ESPANTOS CONGÉNITOS
Solange Rodríguez Pappe
—Es….es una historia larga— intentó explicar él entre tartamudeos. En un descuido, ella había confundido la puerta del baño con la de la habitación que escondía el secreto y se había quedado mirándolo, ni siquiera se molestó en fingir que estaba haciendo otra cosa cuando él salió de la cocina. Ese era el problema de llevar mujeres a la casa familiar, solían ser curiosas. En la oscuridad de la pieza, una figura reptante y húmeda se movía entre gorgoteos; era una sombra móvil de intensos ojos amarillos con hedor a pantano. La muchacha la contemplaba valientemente apretando las mandíbulas. Lo que sí, tenía la mano derecha engarrotada en el pomo: parecía soldada a él con acero y hielo. Ni lo soltaba ni cerraba del todo la puerta del monstruo, cualquiera diría que se había vuelto de piedra o de sal. Y pensar que él tenía helándose desde la tarde una botella de Cuvée Belle Epoque para la ocasión.

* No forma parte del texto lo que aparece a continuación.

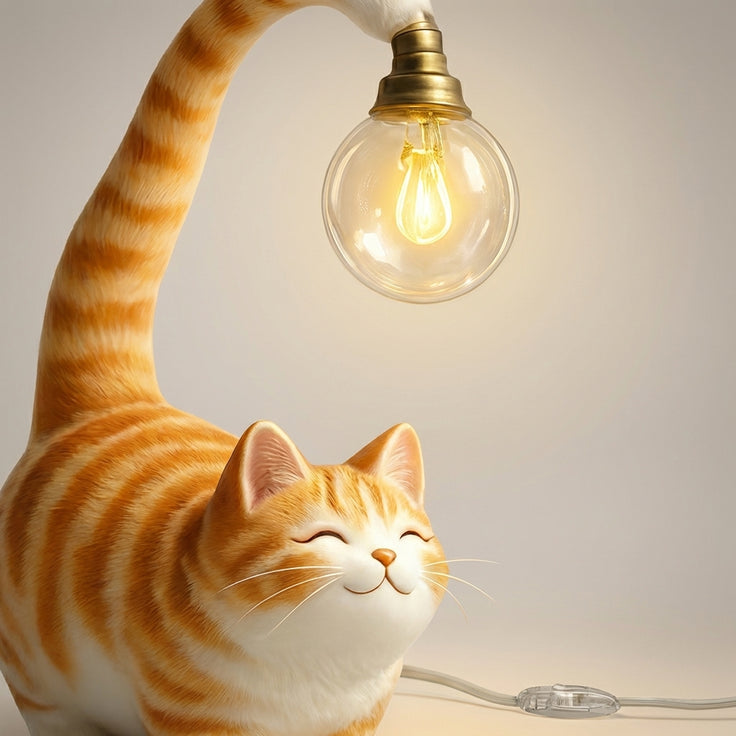 Happy Cat Kids Lamp
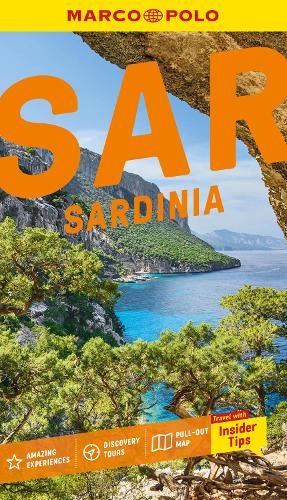 Бумажная книга «Sardinia Marco Polo Pocket Travel Guide - with pull out map», автор Марко Поло - фото №1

—Nos la heredó mi abuela y a ella su abuela griega. Es una erinia, viene del otro mundo convocada por una vieja maldición realizada en Patmos para vengar una deuda de sangre: un asesinato. Espera, quiero que escuches algo hermoso — Y se dirigió al estéreo para bajar el volumen, buscando llegar al otro lado de la habitación tuvo que empujarla de los hombros porque ella seguía pegada a la puerta. En el silencio de la noche se escuchó un canto agudo acompañado del chasquido de cascabeles. Él tenía razón, era bello pero terrible— ¿Es hipnótico, no? Lo he venido oyendo durante toda mi infancia, con el tiempo uno se acostumbra y hasta lo extraña. No te inquietes, nena, no nos va a hacer daño. Le he hablado de ti, le he dicho que eres especial.
— ¿Y no puedes deshacerte de ella, o algo? — Se dio cuenta que susurraba, el sonido de las escamas agitándose, lo tomaba todo.
—No — replicó horrorizado, —, se supone que la erinia pasa de generación en generación al primogénito y debe atormentarlo con aullidos y provocarle pesadillas, pero esta es como un miembro de la familia del que debo hacerme cargo, ya te he lo dicho, como lo hice con mi mamá, ya sabes…tanto tiempo agonizando… — esto último lo dijo con la voz muy baja, imitando las palabras de ella — Hemos llegado a un acuerdo, ella come carne todas las semanas y si se la consigo, me deja en paz. No sé cuantas generaciones falten pero confío que mis hijos ya estén libres del hechizo— Y tomó la mano de ella que había estado sujetando la perilla, la notó fría, inexpresiva— Nuestros hijos.
— ¿Come carne? — Era lo único que había escuchado.
— Carne de oveja, tontita. No tienes idea de lo que he pasado para conseguir un proveedor de ovejas en la ciudad.
— ¡Pobrecito! — ella le lanzó los brazos al cuello, por un momento volvió a ser la chica comprensiva y dulce de siempre— ya que hablas de tema, yo también cargo con lo mío. — le habló al oído aprovechando la cercanía— El cáncer de mi padre; la diabetes de los abuelos, de esa degenerativa que hace que te vayan cortando en pedacitos; la alopecia; la artrosis de cadera. Todavía no sé de qué lado de la familia voy a heredar las várices ni de qué tipo sean, sin mencionar que todas las hermanas de mi padre se han vuelto locas al llegar a los sesenta años; por ahí se me escapa alguna cosa, quizá la osteoporosis, la dispepsia que una vez tuvo…— Correspondiendo al abrazo, él sintió como sus músculos se engarrotaban de espanto. Ahora, el silbido de la erinia era solo una referencia lejana que se mezclaba con el ruido de la voz de ella. La chica seguía enumerando síntomas y él sentía miedo, mucho, mucho miedo.